Saved data entries
• • • • •
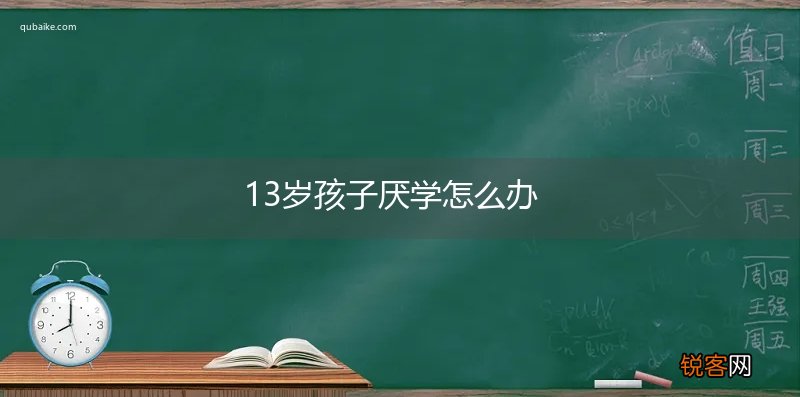 13岁孩子厌学怎么办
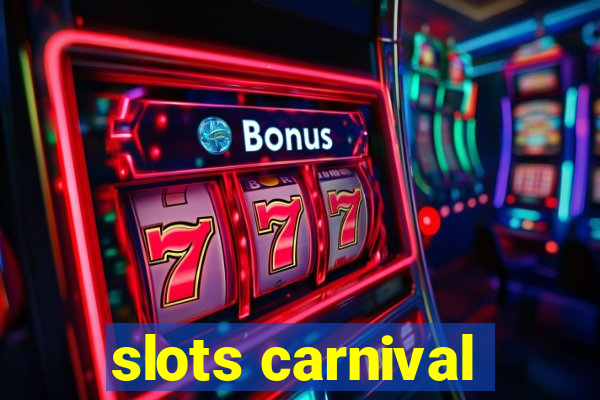 slots carnival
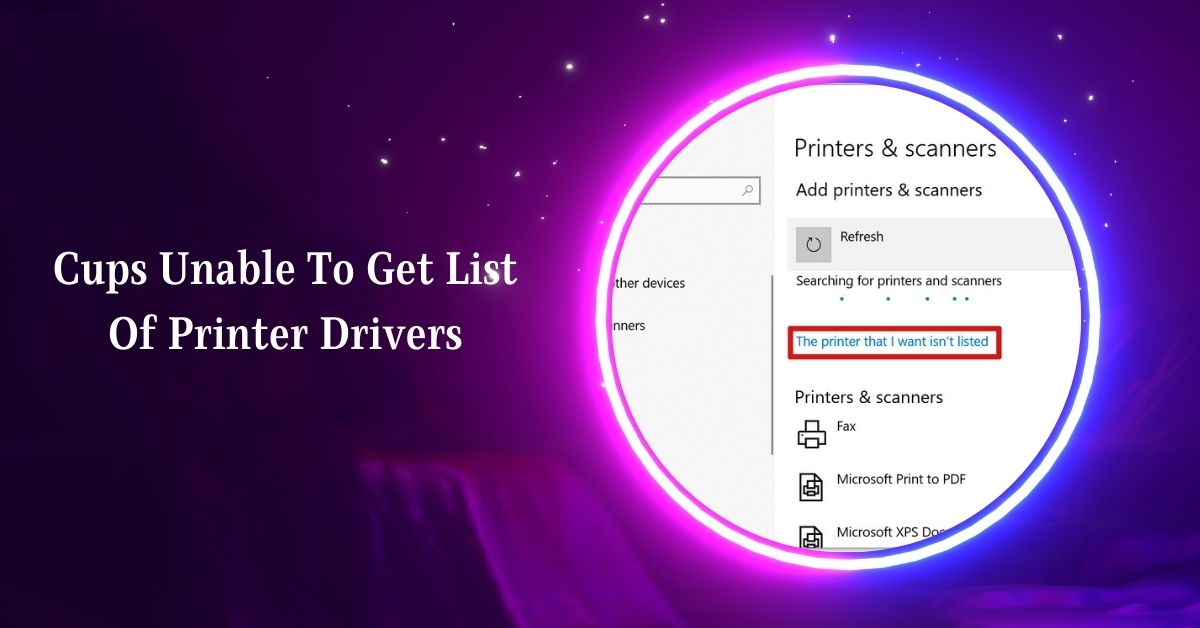 Cups Unable To Get List Of Printer Drivers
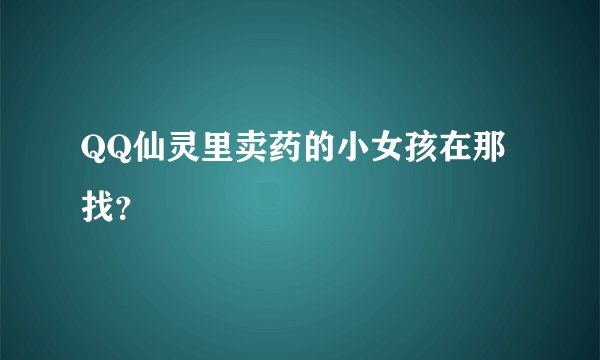 QQ仙灵里卖药的小女孩在那找？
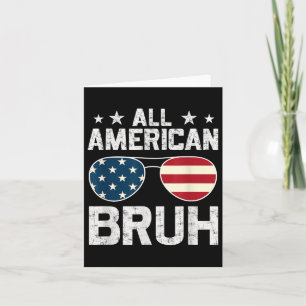 All American Bruh 4th Of July Boys Patriotic Card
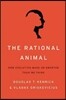 Rational Animal: How Evolution Made Us Smarter Than We Think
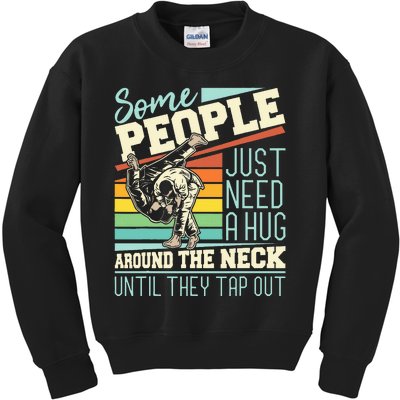 Some People Just Need A Hug Brazilian Jiu Jitsu Mma Bjj Kids Sweatshirt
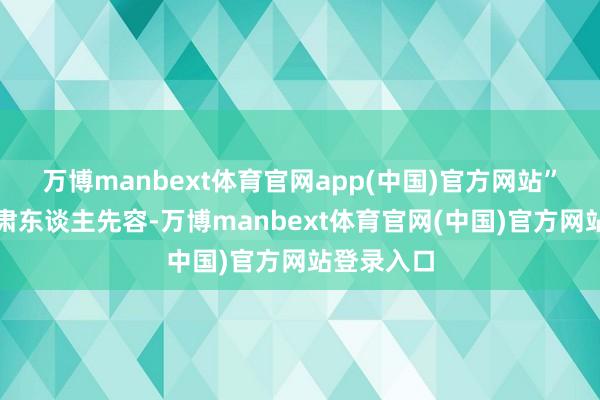 万博manbext体育官网app(中国)官方网站”据食堂肃肃东谈主先容-万博manbext体育官网(中国)官方网站登录入口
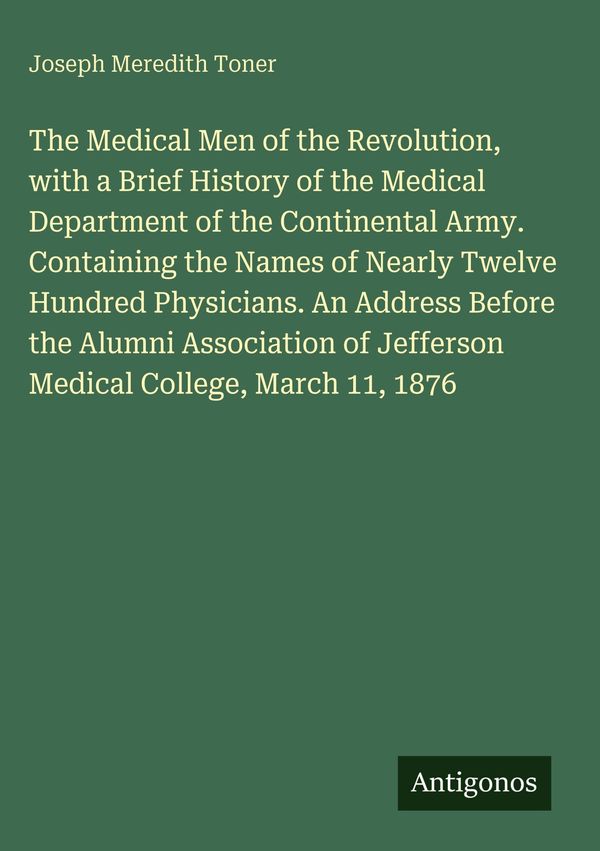 The Medical Men of the Revolution, with a Brief History of the Medi...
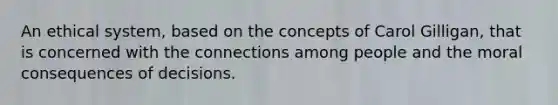 An ethical system, based on the concepts of Carol Gilligan, that is concerned with the connections among people and the moral consequences of decisions.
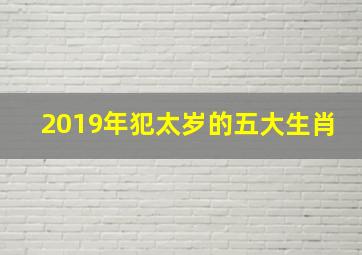 2019年犯太岁的五大生肖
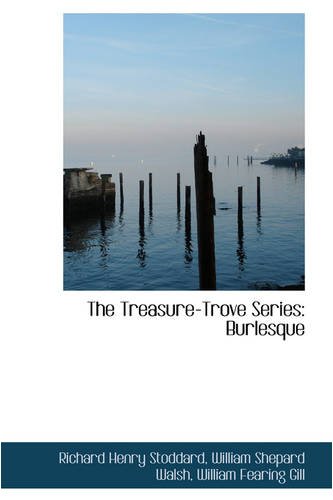 9780559871788: The Treasure-Trove Series: Burlesque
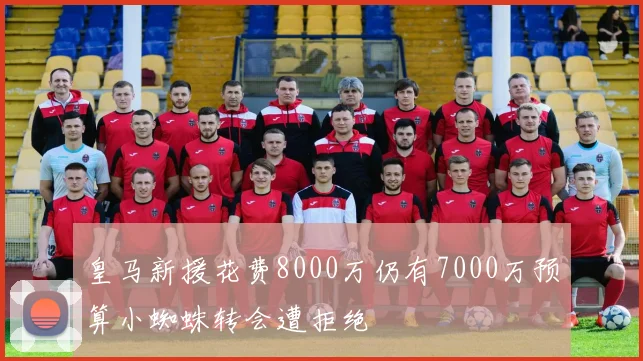 皇马新援花费8000万仍有7000万预算小蜘蛛转会遭拒绝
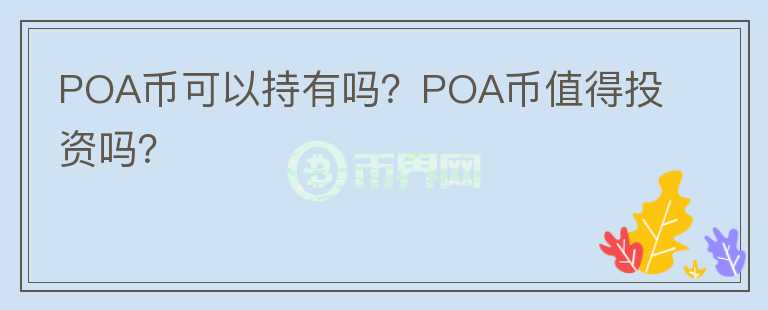 POA幣可以持有嗎？POA幣值得投資嗎？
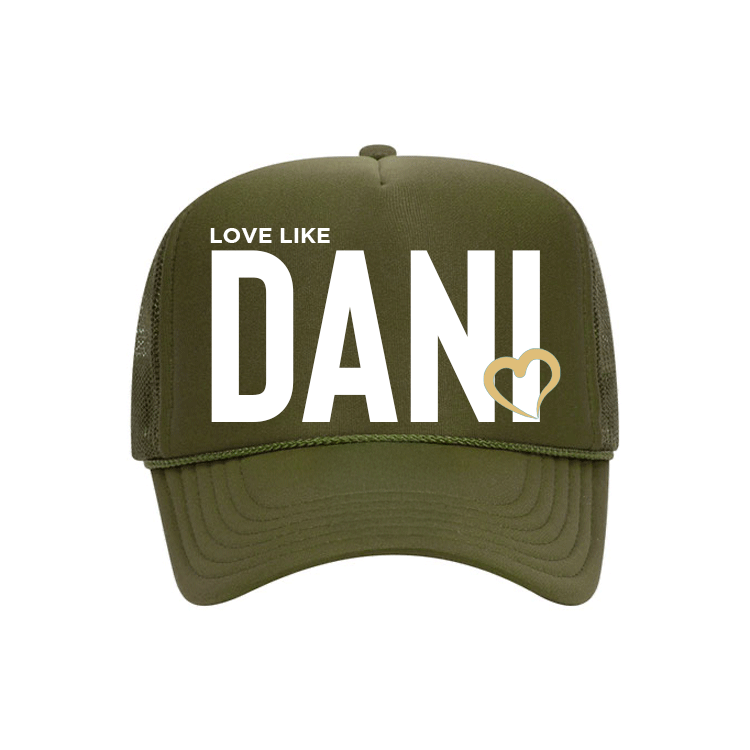 Love Like DANI - Foam Front Trucker - Olive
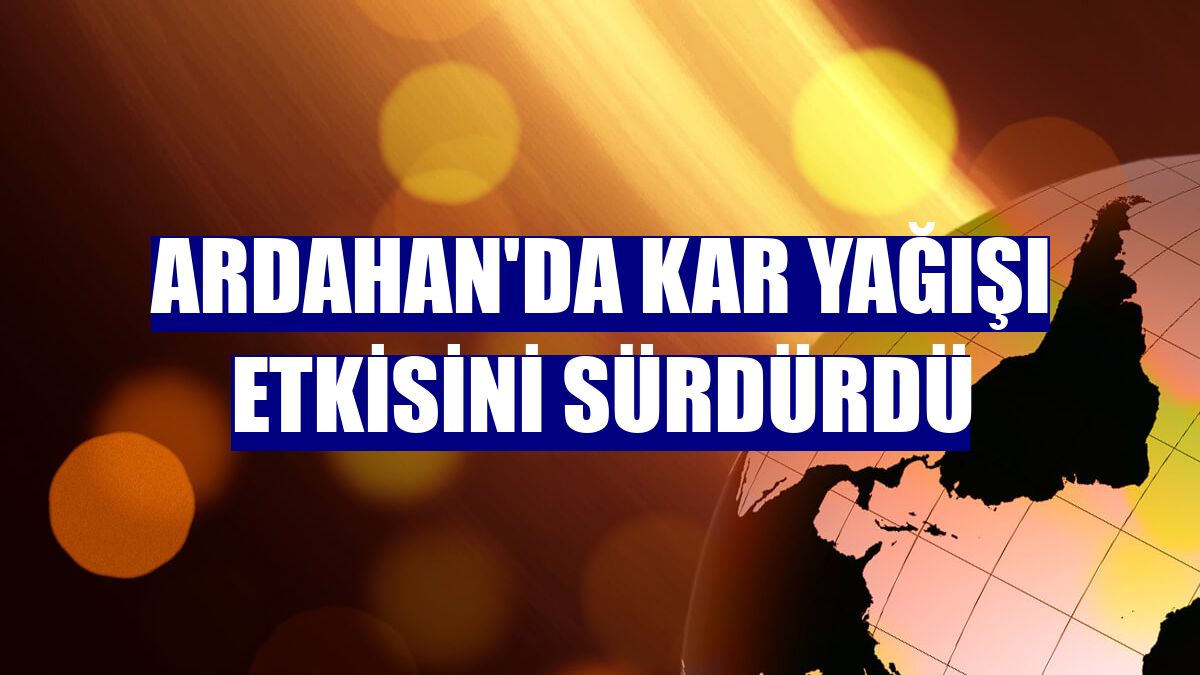 Ardahan'da kar yağışı etkisini sürdürdü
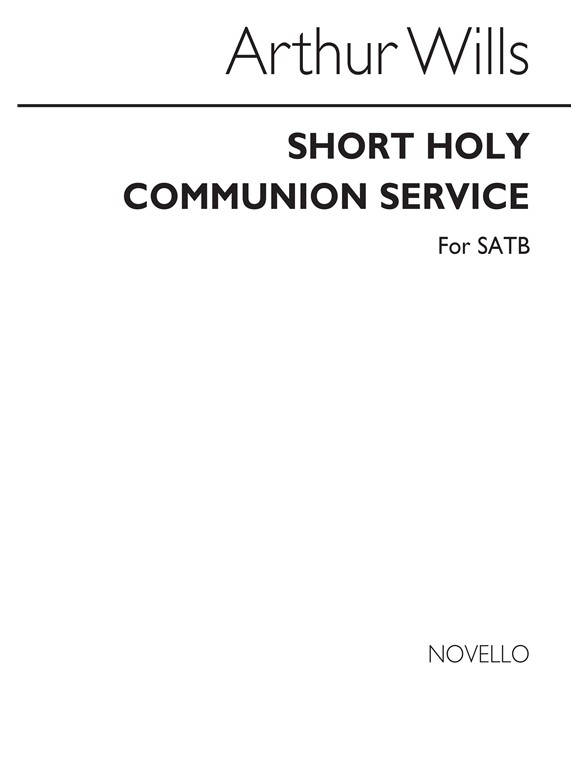 Arthur Wills: Short Holy Communion Service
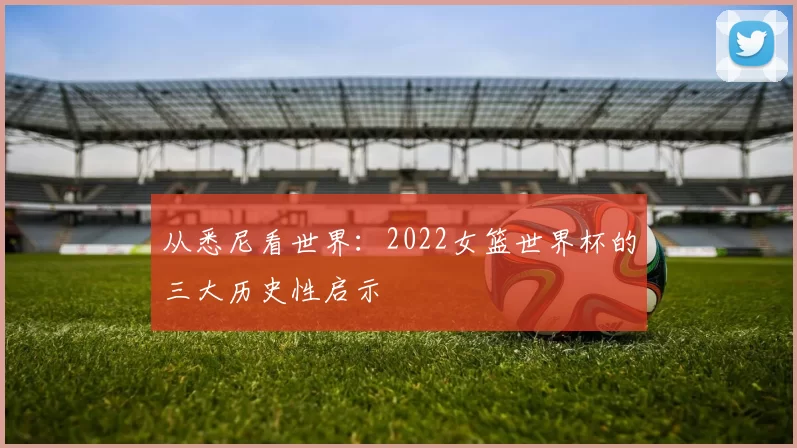 从悉尼看世界:2022女篮世界杯的三大历史性启示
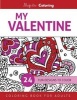 My Valentine - Coloring Book for Adults (Paperback) - Majestic Coloring Photo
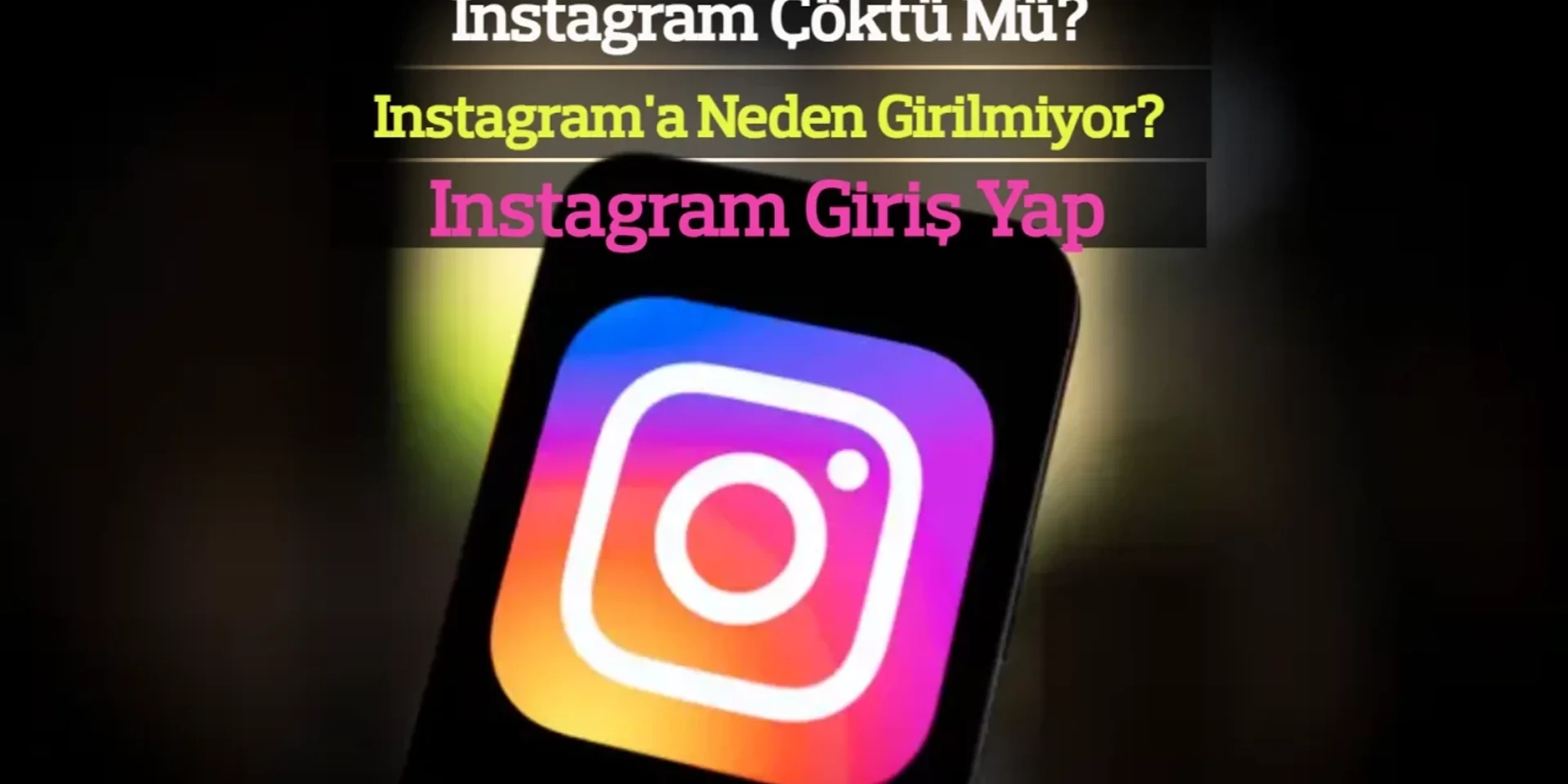 Instagram Çöktü Mü? Instagram'a Neden Girilmiyor? Instagram Giriş Yap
• • • • •
> **Assigned task**
A word-for-word copy is required of the lines above from the line with "Arthur Wills: Short Holy Communion Service" through the last line of the data; no other lines and no pictures belong in it.

> **Exercise solution**
 Arthur Wills: Short Holy Communion Service
 从悉尼看世界:2022女篮世界杯的三大历史性启示
 My Valentine - Coloring Book for Adults (Paperback) - Majestic Coloring Photo
 Instagram Çöktü Mü? Instagram'a Neden Girilmiyor? Instagram Giriş Yap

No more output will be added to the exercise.